Kültür - Sanat

Semih Kaplanoğlu’ndan bir distopya: Buğday

Tüm renkler aynı hızla kirleniyordu, birinciliği beyaza verdiler, demiş Özdemir Asaf. İnsan, beyaz bir kalple dünyaya gelirmiş, işlediği her günah, yanlış yolda attığı her adım o kalbin siyahlara bürünmesinin adresini işaret edermiş.

Günah ve yanlış yolların kurbanıdır, modern insan. Kendisinden yüzyıllar önce çizilmiş yolları beğenmeyip, daha modern ve elit bir dünya oluşturmak adına yeni yollar inşa etmiş, sonra da bu yollara mahkûm olmuştur. Dünyaya alternatif diye sunduğu yollar, âdemoğlunun labirentidir aslında.

Oysa biz yollara hâkim olmak yerine, dağın, tepelerin ve doğanın hüküm sürdüğü, doğal hayatın içinde nefes alsaydık daha mı güzel olurdu dünya? Peki, o zaman modern olduğumuz nasıl anlaşılırdı? Doğaya hükmetmeyen insan nasıl modern olabilir?

Âdemoğlunun varlığından beri bilgiye, teknolojiye sahip olma ihtiyacının, hayatımızı kolaylaştırmakla birlikte bizi daha çok insan yaptığını, insan gerçekliğine daha çok yaklaştırdığını söylemek mümkün müdür?

Sanırım, insanın kendi doğasından uzaklaşması, hayatın bizzat kendisinden uzaklaşmasına sebep oluyor. İşte bu sebeple modern insanın sesi gür çıkıyor.
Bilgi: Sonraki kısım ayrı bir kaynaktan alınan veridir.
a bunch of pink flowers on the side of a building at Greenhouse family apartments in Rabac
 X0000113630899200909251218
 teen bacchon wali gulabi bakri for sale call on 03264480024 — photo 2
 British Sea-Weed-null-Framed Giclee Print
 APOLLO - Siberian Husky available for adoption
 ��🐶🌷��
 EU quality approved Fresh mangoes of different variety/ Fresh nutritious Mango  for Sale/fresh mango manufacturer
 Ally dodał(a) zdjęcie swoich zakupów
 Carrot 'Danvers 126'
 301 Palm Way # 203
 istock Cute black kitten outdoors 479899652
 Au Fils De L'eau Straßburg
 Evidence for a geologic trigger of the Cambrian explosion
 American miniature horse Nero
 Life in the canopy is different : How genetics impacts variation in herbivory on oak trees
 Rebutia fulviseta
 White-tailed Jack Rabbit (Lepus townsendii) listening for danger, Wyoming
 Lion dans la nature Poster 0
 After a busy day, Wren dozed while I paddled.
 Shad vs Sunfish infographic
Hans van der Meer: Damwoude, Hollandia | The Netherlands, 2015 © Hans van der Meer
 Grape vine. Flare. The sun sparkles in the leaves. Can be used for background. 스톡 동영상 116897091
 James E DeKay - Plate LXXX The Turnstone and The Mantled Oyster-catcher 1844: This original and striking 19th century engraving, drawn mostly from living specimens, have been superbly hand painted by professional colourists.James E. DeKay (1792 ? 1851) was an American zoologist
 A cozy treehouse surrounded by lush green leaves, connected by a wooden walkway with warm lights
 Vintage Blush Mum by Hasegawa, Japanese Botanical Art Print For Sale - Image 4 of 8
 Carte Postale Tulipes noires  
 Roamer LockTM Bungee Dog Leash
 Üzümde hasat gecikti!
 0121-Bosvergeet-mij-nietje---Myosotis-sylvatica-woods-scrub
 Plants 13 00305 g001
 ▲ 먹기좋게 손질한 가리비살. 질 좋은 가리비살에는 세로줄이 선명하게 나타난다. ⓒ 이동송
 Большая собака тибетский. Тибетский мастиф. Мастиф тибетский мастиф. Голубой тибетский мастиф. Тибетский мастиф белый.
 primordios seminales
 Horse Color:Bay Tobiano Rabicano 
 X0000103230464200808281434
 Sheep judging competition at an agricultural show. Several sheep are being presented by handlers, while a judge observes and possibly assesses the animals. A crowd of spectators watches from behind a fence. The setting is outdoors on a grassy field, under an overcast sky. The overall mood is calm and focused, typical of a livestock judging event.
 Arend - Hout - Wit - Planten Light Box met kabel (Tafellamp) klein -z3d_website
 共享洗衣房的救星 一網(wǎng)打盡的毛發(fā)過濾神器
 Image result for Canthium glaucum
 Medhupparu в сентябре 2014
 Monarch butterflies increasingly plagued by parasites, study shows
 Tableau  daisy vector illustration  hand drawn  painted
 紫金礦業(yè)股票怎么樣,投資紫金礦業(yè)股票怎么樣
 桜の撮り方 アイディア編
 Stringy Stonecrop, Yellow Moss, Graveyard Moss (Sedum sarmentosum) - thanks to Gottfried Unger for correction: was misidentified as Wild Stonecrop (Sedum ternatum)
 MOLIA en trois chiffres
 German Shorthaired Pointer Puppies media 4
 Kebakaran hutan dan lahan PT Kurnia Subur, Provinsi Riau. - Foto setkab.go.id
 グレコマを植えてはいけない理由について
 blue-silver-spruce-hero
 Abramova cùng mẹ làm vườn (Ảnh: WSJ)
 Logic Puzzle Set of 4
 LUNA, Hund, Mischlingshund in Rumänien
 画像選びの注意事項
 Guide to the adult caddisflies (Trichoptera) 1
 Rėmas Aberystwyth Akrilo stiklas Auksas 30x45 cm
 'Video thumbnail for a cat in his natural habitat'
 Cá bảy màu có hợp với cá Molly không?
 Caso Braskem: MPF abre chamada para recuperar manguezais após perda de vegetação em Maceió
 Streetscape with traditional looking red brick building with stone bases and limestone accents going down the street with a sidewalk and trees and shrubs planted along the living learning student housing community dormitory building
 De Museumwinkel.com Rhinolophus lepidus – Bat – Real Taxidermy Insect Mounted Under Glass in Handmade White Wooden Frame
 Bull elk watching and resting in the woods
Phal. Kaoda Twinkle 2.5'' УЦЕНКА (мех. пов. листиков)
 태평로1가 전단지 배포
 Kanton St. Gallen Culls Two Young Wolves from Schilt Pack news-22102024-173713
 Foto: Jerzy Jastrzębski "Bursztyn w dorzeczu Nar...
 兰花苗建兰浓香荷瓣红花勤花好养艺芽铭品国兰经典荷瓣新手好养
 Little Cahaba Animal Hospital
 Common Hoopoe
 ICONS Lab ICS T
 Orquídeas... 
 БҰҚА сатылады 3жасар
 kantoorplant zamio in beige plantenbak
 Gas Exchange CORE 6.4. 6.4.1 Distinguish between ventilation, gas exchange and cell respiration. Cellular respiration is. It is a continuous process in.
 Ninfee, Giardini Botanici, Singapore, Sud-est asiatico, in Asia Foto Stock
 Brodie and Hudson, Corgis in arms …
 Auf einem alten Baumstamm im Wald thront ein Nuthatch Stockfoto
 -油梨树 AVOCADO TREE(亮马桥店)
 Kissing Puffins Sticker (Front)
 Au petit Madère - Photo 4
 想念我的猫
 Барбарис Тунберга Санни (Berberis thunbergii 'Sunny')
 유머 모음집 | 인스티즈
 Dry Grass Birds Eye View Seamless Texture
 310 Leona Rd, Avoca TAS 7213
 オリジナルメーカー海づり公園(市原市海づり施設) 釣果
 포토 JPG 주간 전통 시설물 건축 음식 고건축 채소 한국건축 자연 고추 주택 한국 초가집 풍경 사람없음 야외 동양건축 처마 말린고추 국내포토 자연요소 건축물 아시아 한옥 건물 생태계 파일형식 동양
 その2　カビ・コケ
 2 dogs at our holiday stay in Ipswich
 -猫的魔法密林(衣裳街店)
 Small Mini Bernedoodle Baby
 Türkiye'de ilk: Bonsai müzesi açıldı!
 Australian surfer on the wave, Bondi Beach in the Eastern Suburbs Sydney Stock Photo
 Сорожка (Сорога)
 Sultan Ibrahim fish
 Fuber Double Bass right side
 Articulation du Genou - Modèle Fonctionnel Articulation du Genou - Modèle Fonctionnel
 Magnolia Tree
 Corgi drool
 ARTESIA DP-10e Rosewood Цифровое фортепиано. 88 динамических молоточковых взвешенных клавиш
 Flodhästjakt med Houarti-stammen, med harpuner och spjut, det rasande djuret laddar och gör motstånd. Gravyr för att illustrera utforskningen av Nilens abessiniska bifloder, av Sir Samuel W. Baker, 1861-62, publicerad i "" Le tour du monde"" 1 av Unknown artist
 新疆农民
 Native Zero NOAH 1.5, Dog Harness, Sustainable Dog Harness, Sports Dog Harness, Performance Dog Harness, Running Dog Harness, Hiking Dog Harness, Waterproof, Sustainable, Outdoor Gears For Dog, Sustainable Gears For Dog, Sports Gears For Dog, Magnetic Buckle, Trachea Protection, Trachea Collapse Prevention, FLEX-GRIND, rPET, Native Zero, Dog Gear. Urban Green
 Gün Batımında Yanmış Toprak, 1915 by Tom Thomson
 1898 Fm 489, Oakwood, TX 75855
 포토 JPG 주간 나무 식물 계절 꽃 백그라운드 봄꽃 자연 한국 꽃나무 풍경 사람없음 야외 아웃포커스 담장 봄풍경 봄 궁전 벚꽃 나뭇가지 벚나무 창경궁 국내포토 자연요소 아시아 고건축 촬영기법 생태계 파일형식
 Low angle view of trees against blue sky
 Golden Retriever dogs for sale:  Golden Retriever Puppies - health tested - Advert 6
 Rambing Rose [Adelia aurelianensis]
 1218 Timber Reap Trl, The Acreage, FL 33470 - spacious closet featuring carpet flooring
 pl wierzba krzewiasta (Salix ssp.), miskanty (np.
Kalplerindeki siyah noktaların varlığı arttıkça, çektiği acılar onu kendisine yabancılaştırıyor.

Terk edilmiş arabalar, fabrikalar, kuraklık, mülteciler

Yusuf Üçlemesi ile sinemamızın hem yerel hem de uluslararası platformda önünü açan Semih Kaplanoğlu, yedi yıl aradan sonra “Buğday” filmi ile seyircinin karşısına çıktı. Üzerinde yaklaşık beş yıldır çalışılan Buğday filmi bir distopya. Film üç kıtada çekilmiş. Mekânlarımız ABD- Detroit, Almanya-Ruhr, Türkiye-Kapadokya.

Buğday filminin şöyle bir hikâyesi var. Büyük şirketlerin dünyayı yönettiği bir âlemde, mükemmel tohum yaratmanın derdine düşüyor bilim adamları. Ama bunu gerçekleştiremiyorlar. Bu konudaki uzmanlardan Prof. Erol Erin, “Genetik Kaos ve M Zerresi” adlı bir eser yazan ama bu eserinin ardından Ölü Topraklar’a sürülen Cemil Akman’ı arıyor. Filmin ilk yarısı bu arayış içinde geçiyor. Bu bölümde bir dönemin en modern şehirlerinden birisi iken şimdilerde hayalet şehre dönüşen Detroit’e yolculuk ediyoruz. Yolculuğumuz boyunca terk edilmiş arabalar, evler, fabrikalar ve haklarını arayan, grev yapan insanlar görüyoruz. Ayrıca yol boyunca bize kuraklık, açlık, mülteciler ve savaşlar da eşlik ediyor.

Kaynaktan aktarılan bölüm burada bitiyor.